== Given entries ==

----

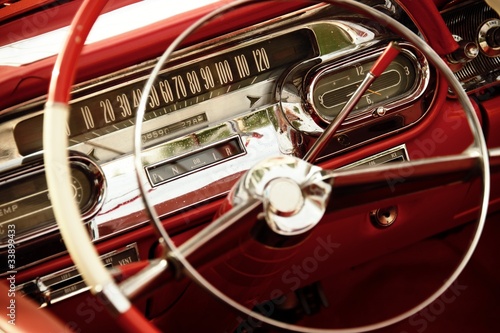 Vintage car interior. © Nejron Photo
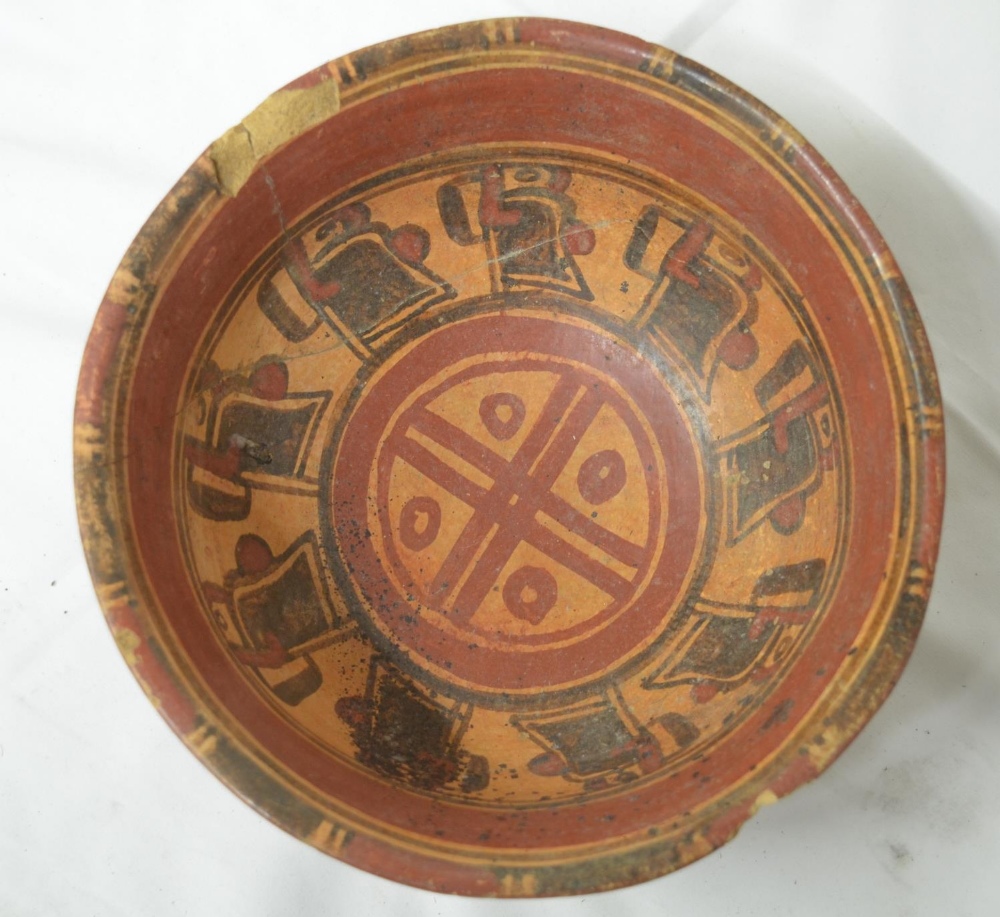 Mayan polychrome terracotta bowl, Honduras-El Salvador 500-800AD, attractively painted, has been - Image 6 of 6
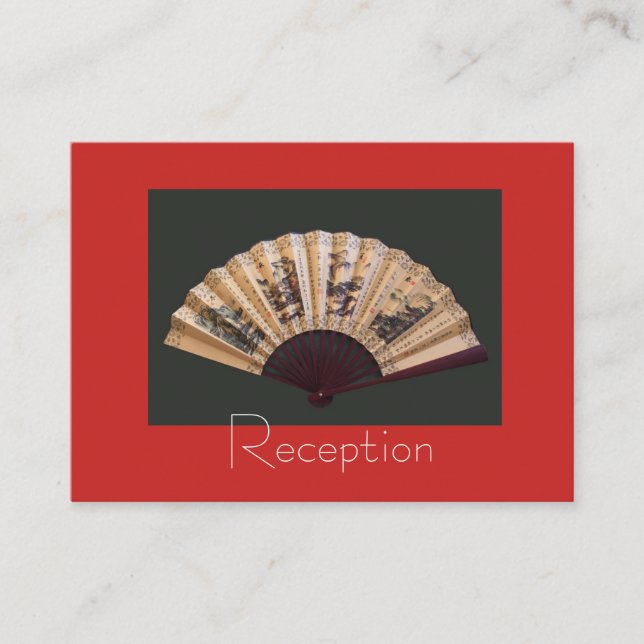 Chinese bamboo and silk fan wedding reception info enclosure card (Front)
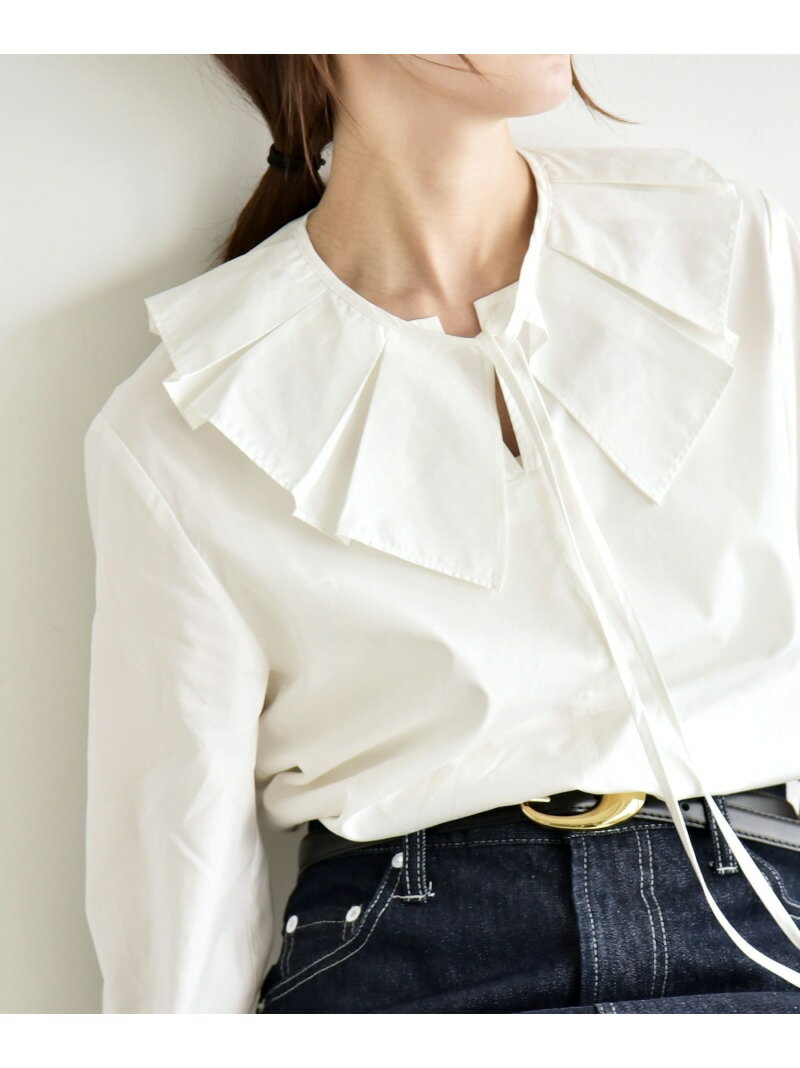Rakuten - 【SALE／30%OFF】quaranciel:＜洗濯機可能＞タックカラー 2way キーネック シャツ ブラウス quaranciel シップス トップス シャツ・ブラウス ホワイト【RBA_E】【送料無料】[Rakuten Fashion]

----

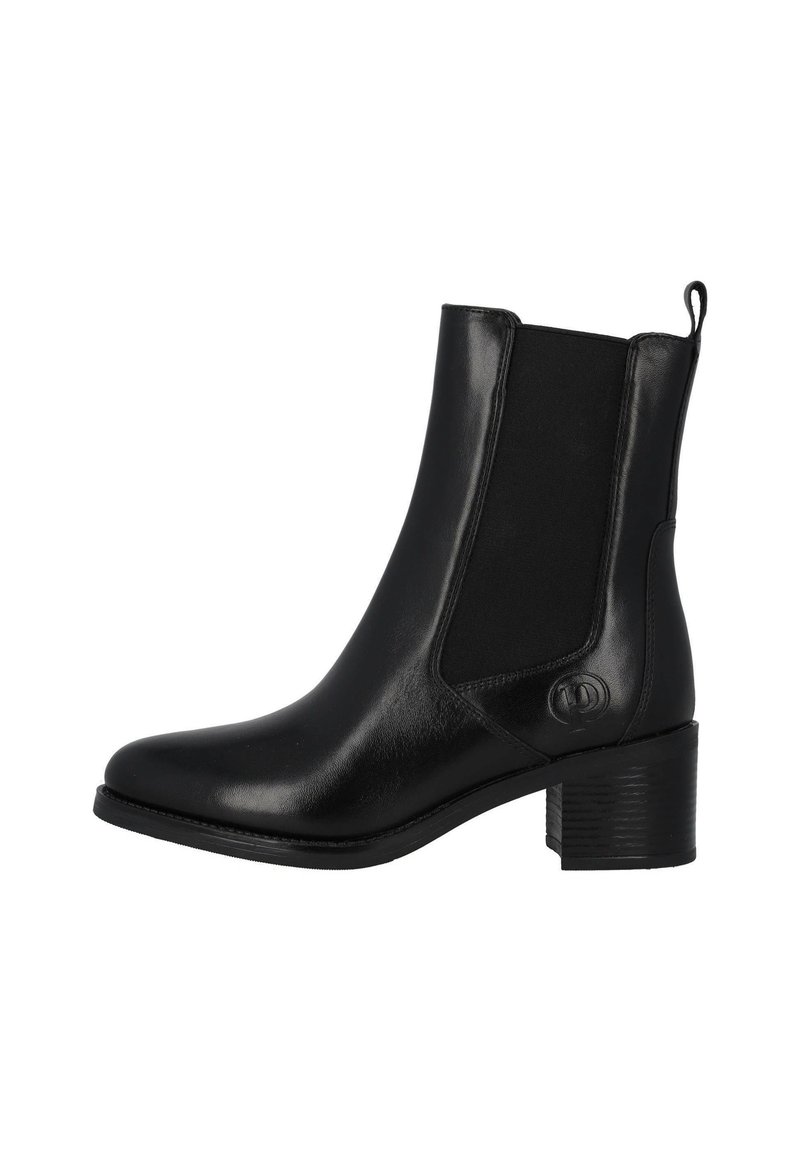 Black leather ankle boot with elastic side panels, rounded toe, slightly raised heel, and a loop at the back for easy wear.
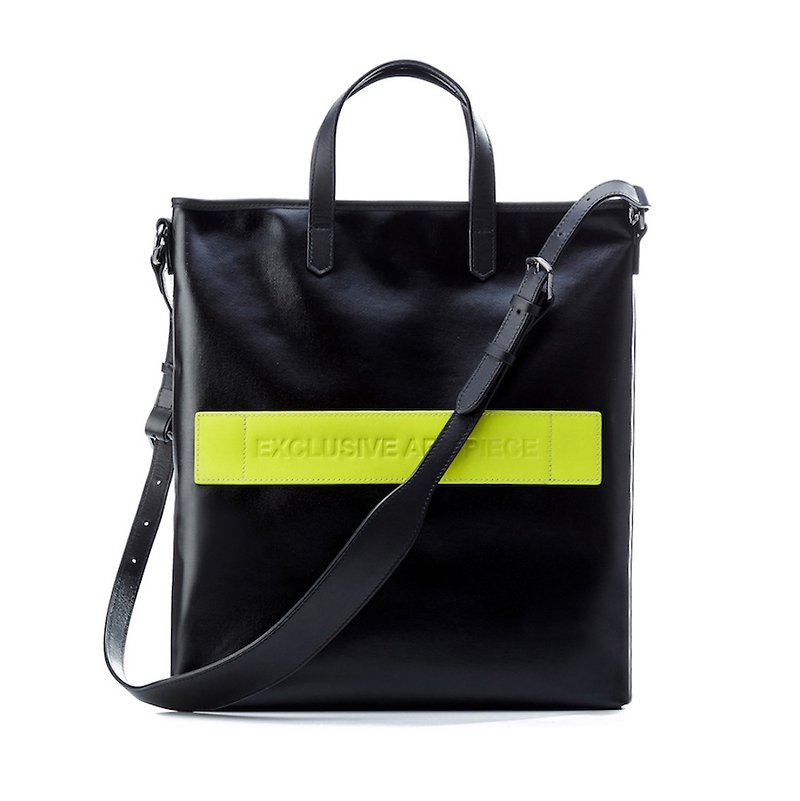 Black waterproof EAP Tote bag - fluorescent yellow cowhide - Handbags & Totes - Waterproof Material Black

----

== What you have to do ==
Retype only the lines above from the one with "Mayan polychrome terracotta" through the one with "Rakuten - 【SALE／30%OFF】quaranciel:＜洗濯機可能＞タックカラー", exactly and with both ends. Images stay out.

== Response area ==
 Mayan polychrome terracotta bowl, Honduras-El Salvador 500-800AD, attractively painted, has been - Image 6 of 6
 Chinese bamboo and silk fan wedding reception info enclosure card (Front)
Rakuten - 【SALE／30%OFF】quaranciel:＜洗濯機可能＞タックカラー 2way キーネック シャツ ブラウス quaranciel シップス トップス シャツ・ブラウス ホワイト【RBA_E】【送料無料】[Rakuten Fashion]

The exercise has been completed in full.